BEIJING, April 1 (Reuters) - China soymeal futures fell 6% on Friday, the biggest daily decline in 10 years, on a forecast for record U.S. soybean plantings and a release of state reserves by Beijing.

The most actively traded soymeal futures on Dalian Commodity Exchange tumbled to 3,816 yuan ($600.59) per tonne, their lowest level in more than a month. This week, the market fell 13%.

"Prices have been falling (in recent days). Then there was the plantings report released yesterday," said Zhu Rongping, analyst with the agriculture section of Mysteel, a China-based commodity consultancy.

"China released soybeans from the state reserves today. Soybean arrivals in April and May were also expected to be abundant," Zhu said.

The U.S. Department of Agriculture's (USDA) plantings intention report on Thursday showed U.S. farmers would dedicate the most acres on record to plantings of the oilseed this spring, while reducing corn acres.

China released 500,000 tonnes of soybeans from its state reserves on Friday, in an effort to increase supplies.

China's soymeal prices rallied to record highs in March on tight bean supplies as bad weather in South America limited exports.

The recent surge of COVID-19 cases in China and measures put in place to contain the disease also restricted transport of soymeal, the key protein ingredient in animal feed, bolstering prices, traders said.

"Prices were too high anyway," said a trader based in northern China. "Many crushing plants have now resumed operation as more beans arrived, while demand is flat due to bad farming profits."

Cash prices of soymeal in Shandong province dropped 10% in the past two weeks, to 4,600 yuan per tonne as of Thursday.
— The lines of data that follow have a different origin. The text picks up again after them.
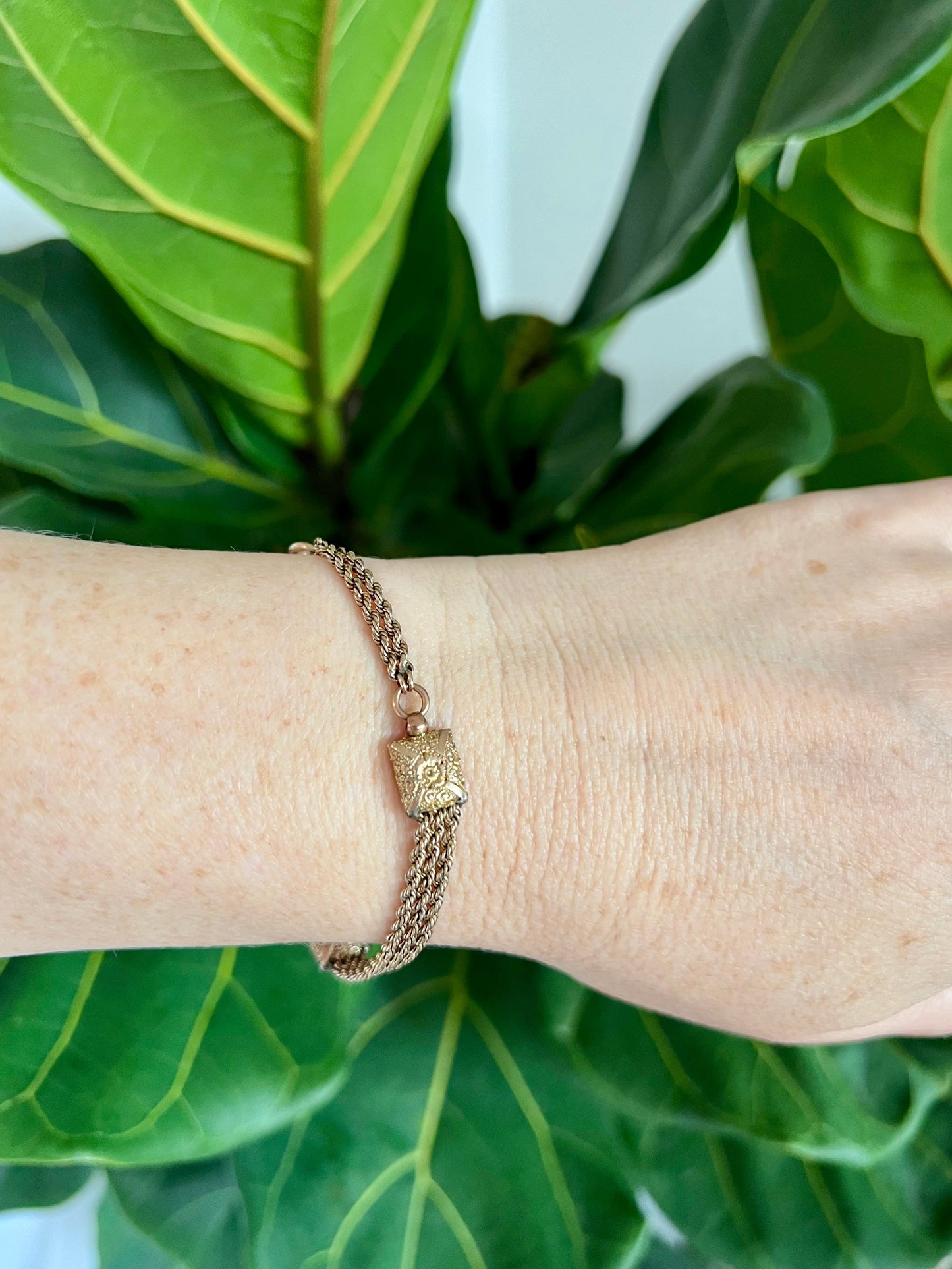 Albertina chain in 9ct Gold Hudsons Estate Jewellery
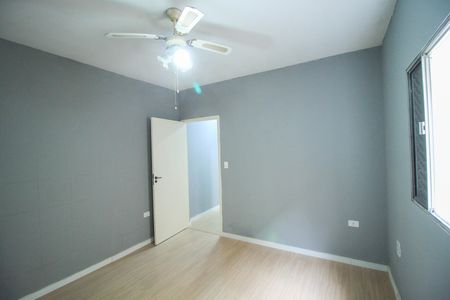 Casa à venda com 65m², 2 quartos e sem vaga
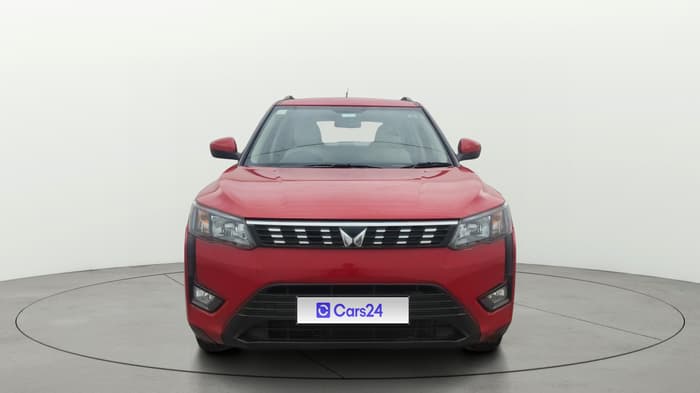 2023 Mahindra XUV300 W6 1.2 PETROL, Petrol, Manual, 8,525 km, Front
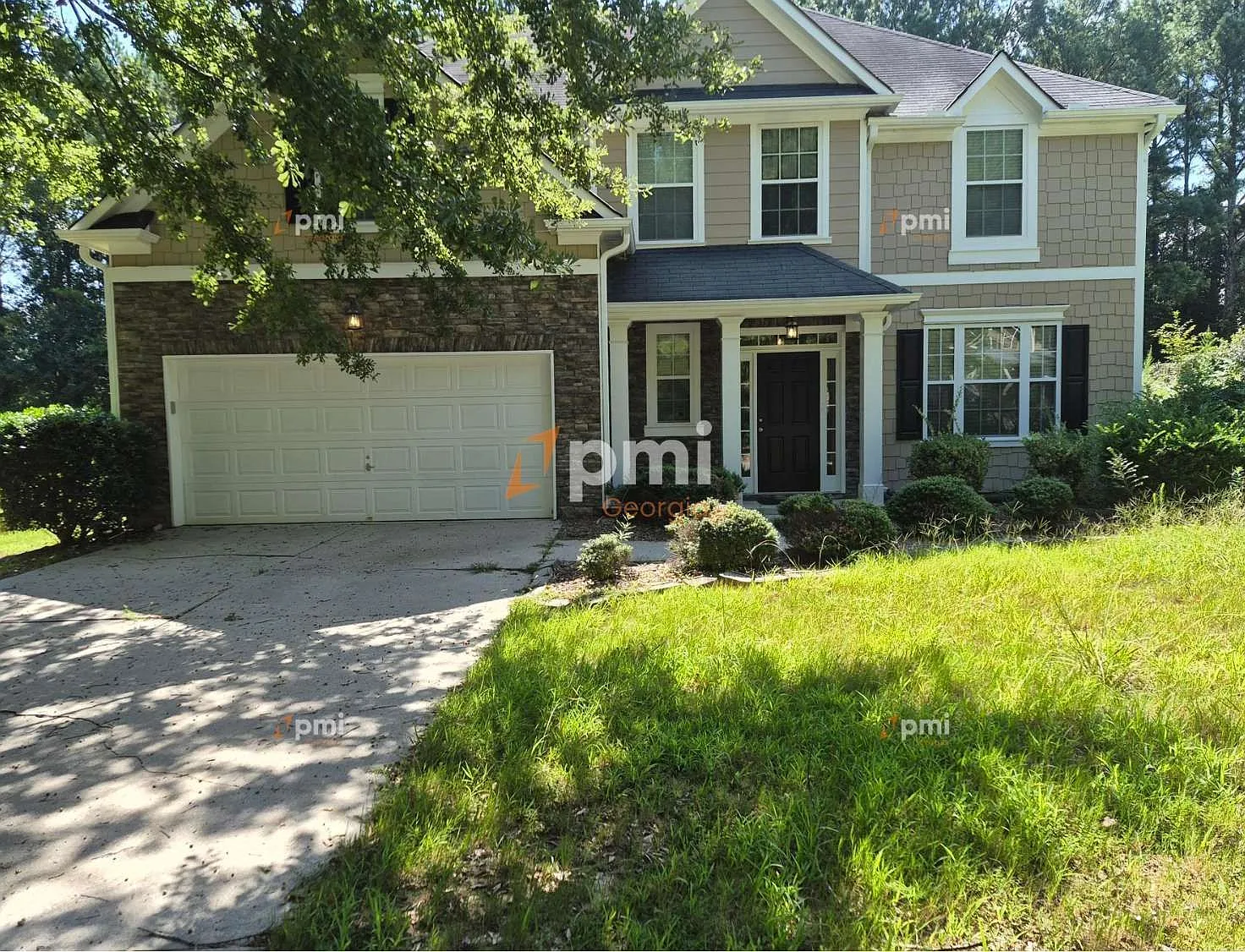 4 bed, 2.5 bath, 2578 sqft, $2,249 — Photo 1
On the day alone, they fell 80 yuan.

"If you get soymeal from the crusher in the morning, before you reach your plant in the afternoon, prices have already fallen," said the trader.

The fall was expected to continue, analysts and traders said, as more beans arrive in China and demand from the livestock sector remains weak.

Pig farmers in Henan, a main producer in northern China, are losing more than 400 yuan per hog raised.